The little man did not shout nor sing for all his infinite gladness. He stood for a time like one awe-stricken, and then, with a queer small cry and holding out his arms, he ran out as if he would embrace at once the whole warm round immensity of the world. He did not follow the neat set paths that cut the garden squarely, but thrust across the beds and through the wet, tall, scented herbs, through the night stock and the nicotine and the clusters of phantom white mallow flowers and through the thickets of southern-wood and lavender, and knee-deep across a wide space of mignonette. He came to the great hedge and he thrust his way through it, and though the thorns of the brambles scored him deeply and tore threads from his wonderful suit, and though burs and goosegrass and havers caught and clung to him, he did not care. He did not care, for he knew it was all part of the wearing for which he had longed. “I am glad I put on my suit,” he said; “I am glad I wore my suit.”

Beyond the hedge he came to the duck-pond, or at least to what was the duck-pond by day. But by night it was a great bowl of silver moonshine all noisy with singing frogs, of wonderful silver moonshine twisted and clotted with strange patternings, and the little man ran down into its waters between the thin black rushes, knee-deep and waist-deep and to his shoulders, smiting the water to black and shining wavelets with either hand, swaying and shivering wavelets, amid which the stars were netted in the tangled reflections of the brooding trees upon the bank. He waded until he swam, and so he crossed the pond and came out upon the other side, trailing, as it seemed to him, not duckweed, but very silver in long, clinging, dripping masses. And up he went through the transfigured tangles of the willow-herb and the uncut seeding grass of the farther bank. And so he came glad and breathless into the highroad. “I am glad,” he said, “beyond measure, that I had clothes that fitted this occasion.”

The highroad ran straight as an arrow flies, straight into the deep blue pit of sky beneath the moon, a white and shining road between the singing nightingales, and along it he went, running now and leaping, and now walking and rejoicing, in the clothes his mother had made for him with tireless, loving hands. The road was deep in dust, but that for him was only soft whiteness, and as he went a great dim moth came fluttering round his wet and shimmering and hastening figure. At first he did not heed the moth, and then he waved his hands at it and made a sort of dance with it as it circled round his head. “Soft moth!” he cried, “dear moth! And wonderful night, wonderful night of the world! Do you think my clothes are beautiful, dear moth? As beautiful as your scales and all this silver vesture of the earth and sky?”

And the moth circled closer and closer until at last its velvet wings just brushed his lips . . . . .
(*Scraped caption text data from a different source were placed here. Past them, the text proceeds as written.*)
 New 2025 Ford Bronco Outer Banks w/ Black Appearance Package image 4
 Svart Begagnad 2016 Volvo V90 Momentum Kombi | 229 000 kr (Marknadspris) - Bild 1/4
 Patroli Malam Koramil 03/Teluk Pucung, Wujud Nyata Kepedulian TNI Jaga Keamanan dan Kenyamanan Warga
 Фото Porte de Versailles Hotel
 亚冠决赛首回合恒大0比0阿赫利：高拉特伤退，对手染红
And next morning they found him dead with his neck broken in the bottom of the stone pit, with his beautiful clothes a little bloody and foul and stained with the duckweed from the pond. But his face was a face of such happiness that, had you seen it, you would have understood indeed how that he had died happy, never knowing the cool and streaming silver for the duckweed in the pond.

THE DIAMOND MAKER

Some business had detained me in Chancery Lane until nine in the evening, and thereafter, having some inkling of a headache, I was disinclined either for entertainment or further work. So much of the sky as the high cliffs of that narrow canon of traffic left visible spoke of a serene night, and I determined to make my way down to the Embankment, and rest my eyes and cool my head by watching the variegated lights upon the river. Beyond comparison the night is the best time for this place; a merciful darkness hides the dirt of the waters, and the lights of this transitional age, red glaring orange, gas-yellow, and electric white, are set in shadowy outlines of every possible shade between grey and deep purple. Through the arches of Waterloo Bridge a hundred points of light mark the sweep of the Embankment, and above its parapet rise the towers of Westminster, warm grey against the starlight. The black river goes by with only a rare ripple breaking its silence, and disturbing the reflections of the lights that swim upon its surface.
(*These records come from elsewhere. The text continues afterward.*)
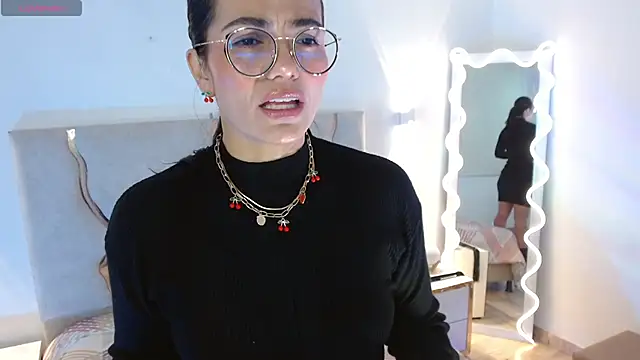 Rosalind tay online show from December 4, 2025, 11:09 am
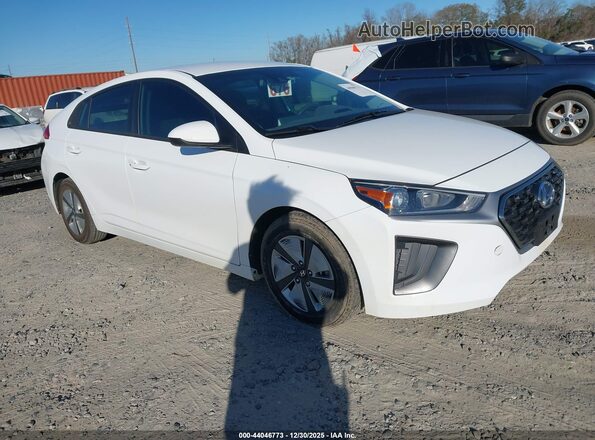 KMHC65LC2NU284967 2022 HYUNDAI IONIQ HYBRID Белый Передняя правая четверть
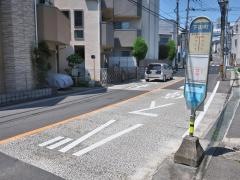 「下田町」バス停留所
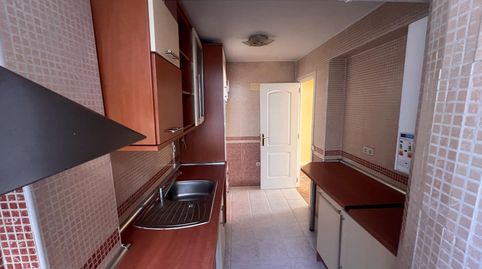 Foto 4 de Apartamento en venta en Calle Palencia, Villayuventus - Renfe, Parla
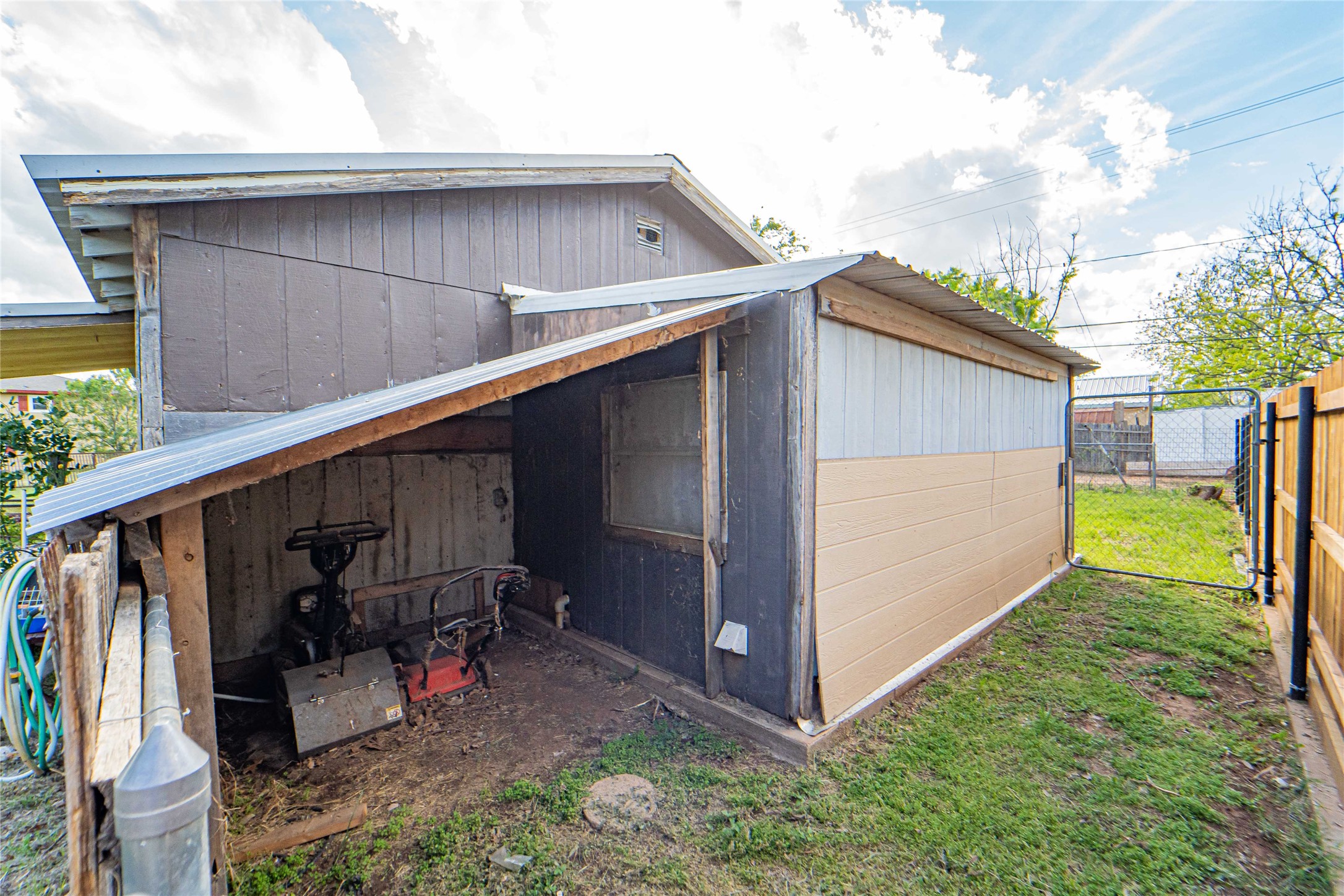 125 Water District Road 214 Breckenridge TX 76424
“A warm night,” said a voice at my side.

I turned my head, and saw the profile of a man who was leaning over the parapet beside me. It was a refined face, not unhandsome, though pinched and pale enough, and the coat collar turned up and pinned round the throat marked his status in life as sharply as a uniform. I felt I was committed to the price of a bed and breakfast if I answered him.

I looked at him curiously. Would he have anything to tell me worth the money, or was he the common incapable—incapable even of telling his own story? There was a quality of intelligence in his forehead and eyes, and a certain tremulousness in his nether lip that decided me.